A temporada 2011-12 dos Colts é o exemplo mais recente e explicito desse possível naufrágio. Na temporada de 2010 a equipa contabilizava com seu QB vedeta, Peyton Manning, dez vitórias para seis derrotas (um dos piores resultados com Manning). Na temporada de 2011 Manning desaparece do campo devido a suas dores no pescoço e na coluna. Inviabilizado após as cirurgias, nenhum dos substitutos da equipa parece servir e mesmo a chegada de um QB veterano, Kerry Collins, não consegue evitar um dos piores resultados da história dos Colts: duas vitórias para catorze derrotas. A chegada mal gerida de um novo elemento em conjunto com suplentes incapazes ferem mortalmente a equipa e deixam os adeptos inconsoláveis. Tal descida teria sido muito dificilmente imaginável com qualquer outra posição da equipa. Felizmente a sorte expressa-se por vezes por vias inesperadas. É o que esperam certamente os adeptos da equipa com a chegada do potencial prodígio Andrew Luck. Um dos grandes rivais da equipa, os New England Patriots, são aliás um bom exemplo de como um azar pode tornar-se a maior das felicidades pois sem a suspensão de Drew Bledsoe, Tom Brady, um dos QB mais destacados da história da modalidade, poderia nunca ter visto a luz do dia.
Lendas da Posição
Muitos são os Quarterbacks que marcaram o inconsciente coletivo. Na atualidade Tom Brady, Peyton Manning, Drew Brees ou Aaron Rodgers fazem figura de heróis da modalidade e demonstram em cada jogo a sua capacidade em rivalizar com os melhores de sempre.

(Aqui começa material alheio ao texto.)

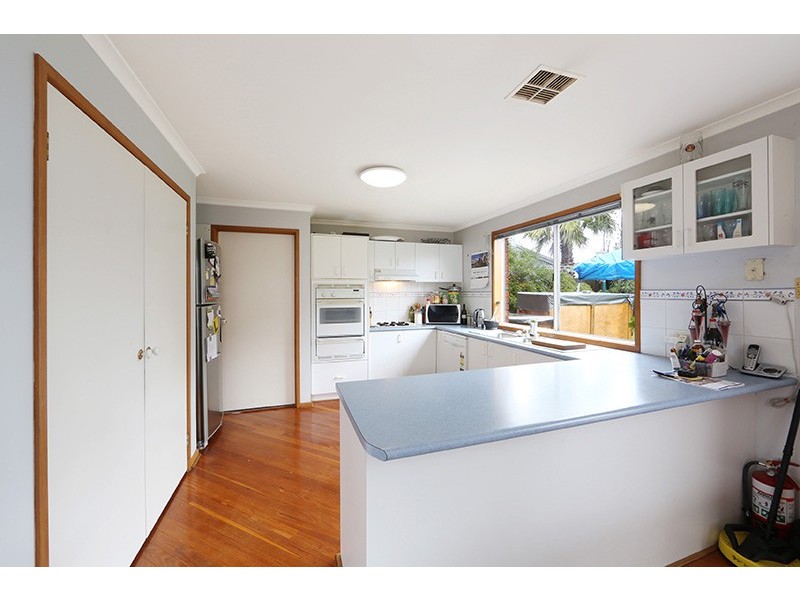 16 Hampshire Court, Rowville VIC 3178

No passado podemos recordar Quarterbacks como Sammy Baugh que nos anos 40 moldou a figura do QB. Otto Graham que levou os Browns a uma impressionante série de vitórias. O carismático Norm Van Brocklin. O colosso Johnny Unitas e a sua fisicalidade impressionante. O estratega Bart Starr. O inesquecível Joe Montana frequentemente considerado como o melhor de sempre. O veloz Steve Young. Dan Marino e a sua precisão no passe lendária. Terry Bradshaw e a sua grande influência nos Steelers. John Elway e a sua capacidade em desafiar a adversidade. Brett Favre eleito três vezes consecutivas MVP da liga.
Resta o futuro e as incertezas de quem carrega em si grandes esperanças. Cam Newton tem fome de vitória e todos perguntam até onde poderá chegar o seu talento. Tim Tebow procura para além do mediatismo a sua afirmação como QB de valor. Andrew Luck e Robert Griffin III são dois recém-chegados que carregam grandes responsabilidades pelo seu legado no futebol universitário. Ainda na NCAA, Tyler Wilson, Logan Thomas, Geno Smith, Tyler Tettleton ou Denard Robinson são alguns dos Quarterbacks de destaque que prometem imprevisíveis amanhãs.